- Data for this task:
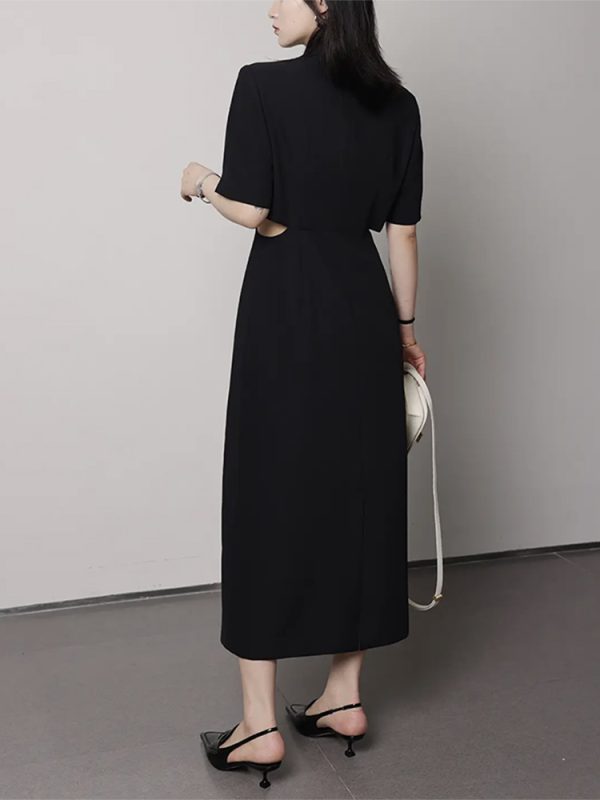 Plus-Size Summer Dress for Curvy Women, Waist-Revealing Design, Chic French Style, Available in Long and Short Lengths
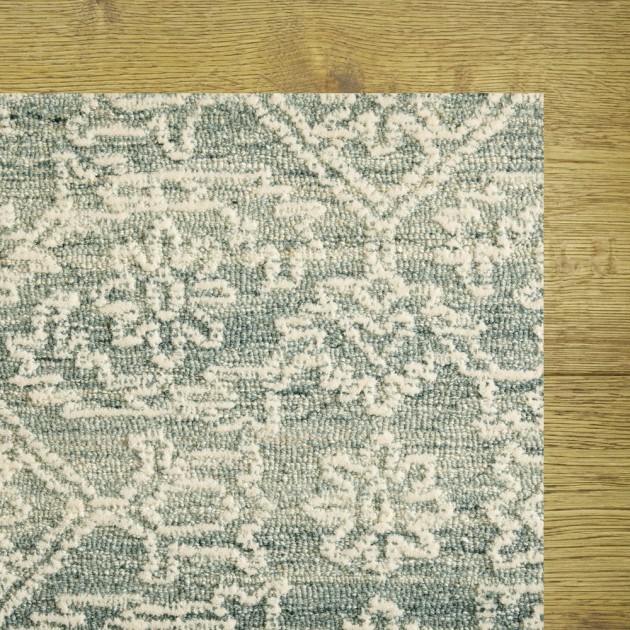 Custom Grandeur Lace Ocean, 100% Wool Area Rug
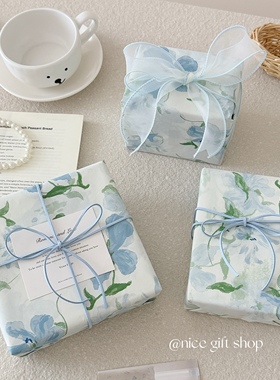 浪漫蓝色海棠雪梨纸~ins风花艺包装纸节日礼物包装纸生日纸送闺蜜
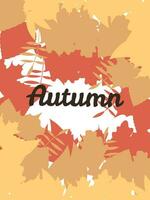 card autumn leaves and inscription on a white background, background for the web, vector illustration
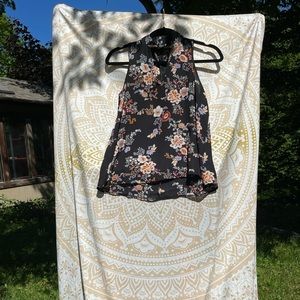 Floral Chiffon Sleeveless Shirt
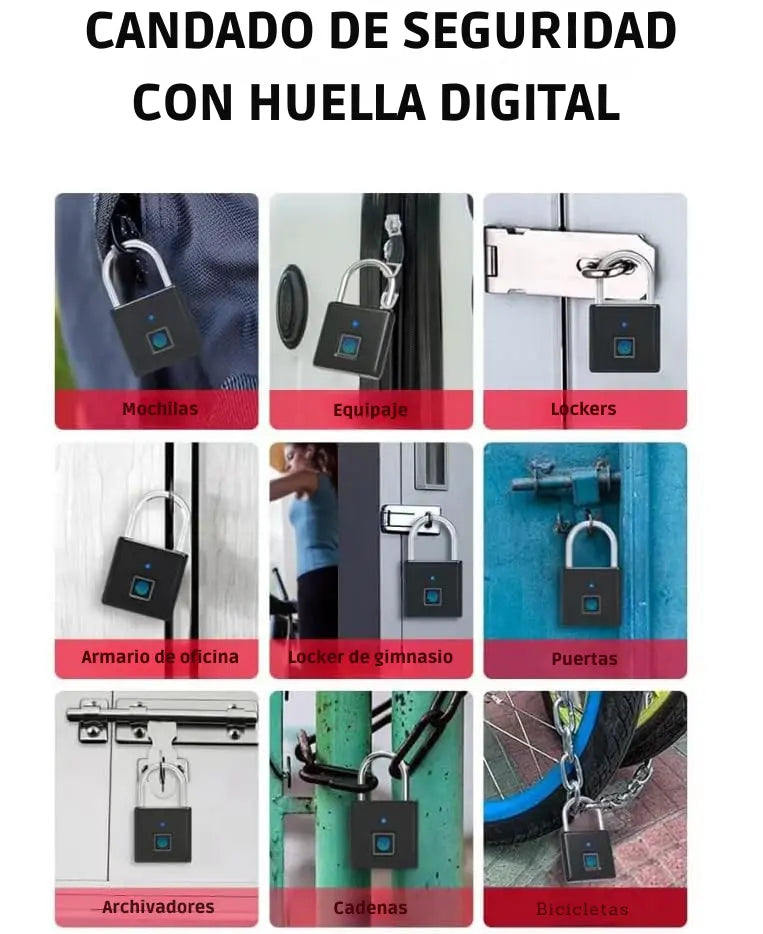 Candado de seguridad con huella digital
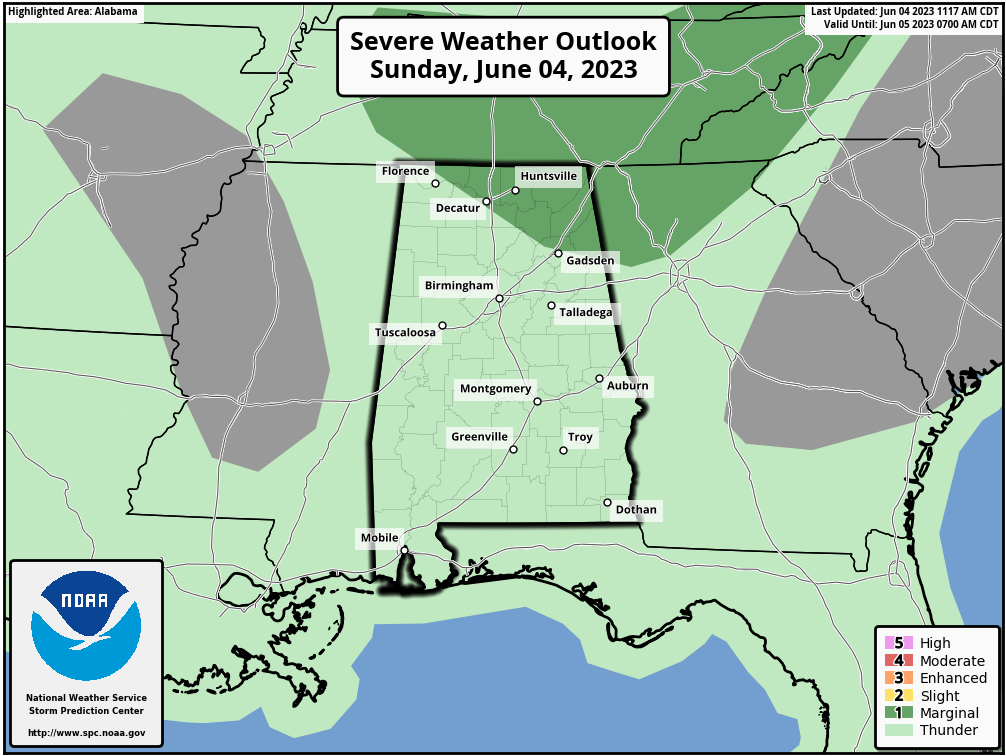 The Midday Report — Scattered Storms Possible; SPC Shrinks Marginal Risk Area for the State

- Your objective: Keep every word of the material exactly as given. Drop the pictures.

- Answer space:
 Plus-Size Summer Dress for Curvy Women, Waist-Revealing Design, Chic French Style, Available in Long and Short Lengths
 Custom Grandeur Lace Ocean, 100% Wool Area Rug
 浪漫蓝色海棠雪梨纸~ins风花艺包装纸节日礼物包装纸生日纸送闺蜜
 card autumn leaves and inscription on a white background, background for the web, vector illustration
 Floral Chiffon Sleeveless Shirt
 Candado de seguridad con huella digital
 The Midday Report — Scattered Storms Possible; SPC Shrinks Marginal Risk Area for the State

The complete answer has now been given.